> TASK STATEMENT: Any picture in the data below gets skipped; print all the rest exactly.

> COLLECTED MATERIAL:
● ● ●
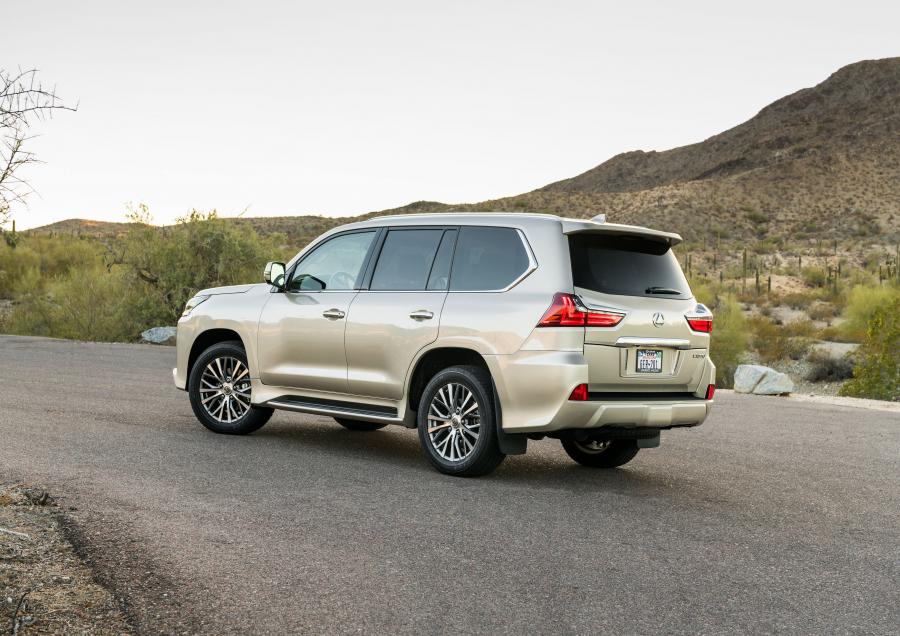  Lexus LX570 Two-Row (URJ200) 2017 года  (NA) (фото 15 из 23)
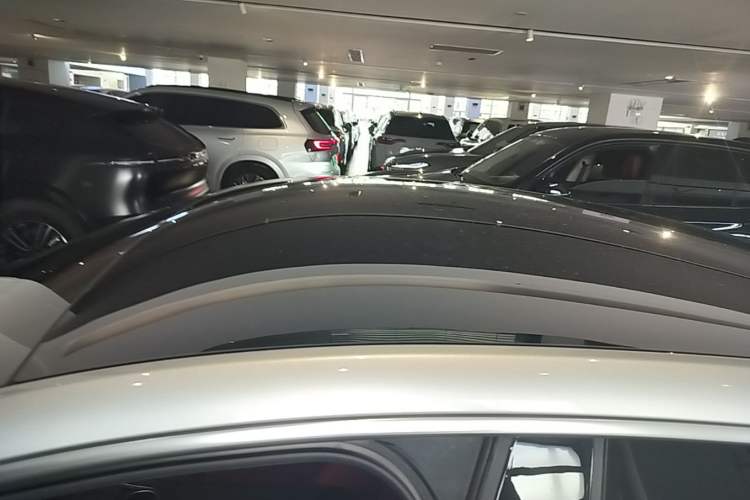 Used XPeng P7 2023 P7i 702 Max Roof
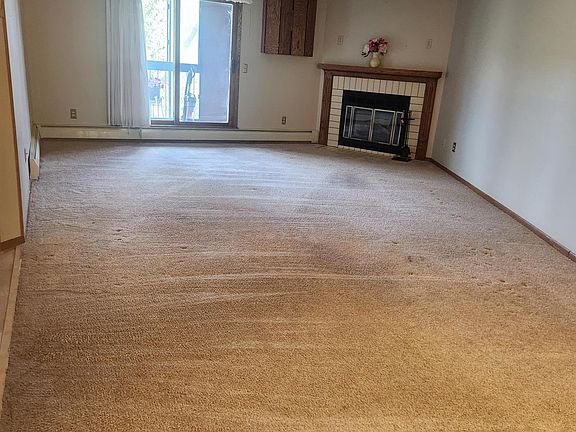 5th image of 1011 41st Ave NE APT 220
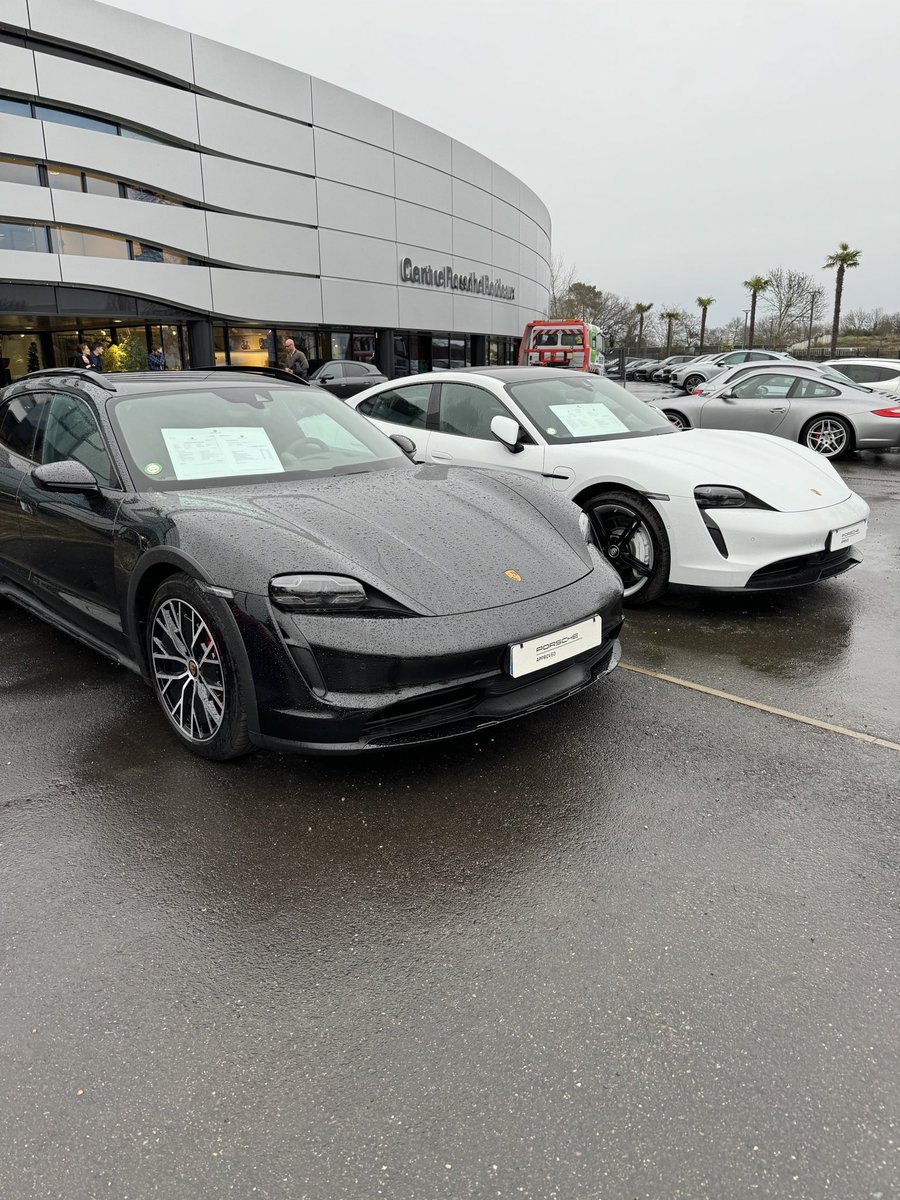 Powlisher tweet media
● ● ●
> WRITTEN SOLUTION:
  Lexus LX570 Two-Row (URJ200) 2017 года  (NA) (фото 15 из 23)
 Used XPeng P7 2023 P7i 702 Max Roof
 5th image of 1011 41st Ave NE APT 220
 Powlisher tweet media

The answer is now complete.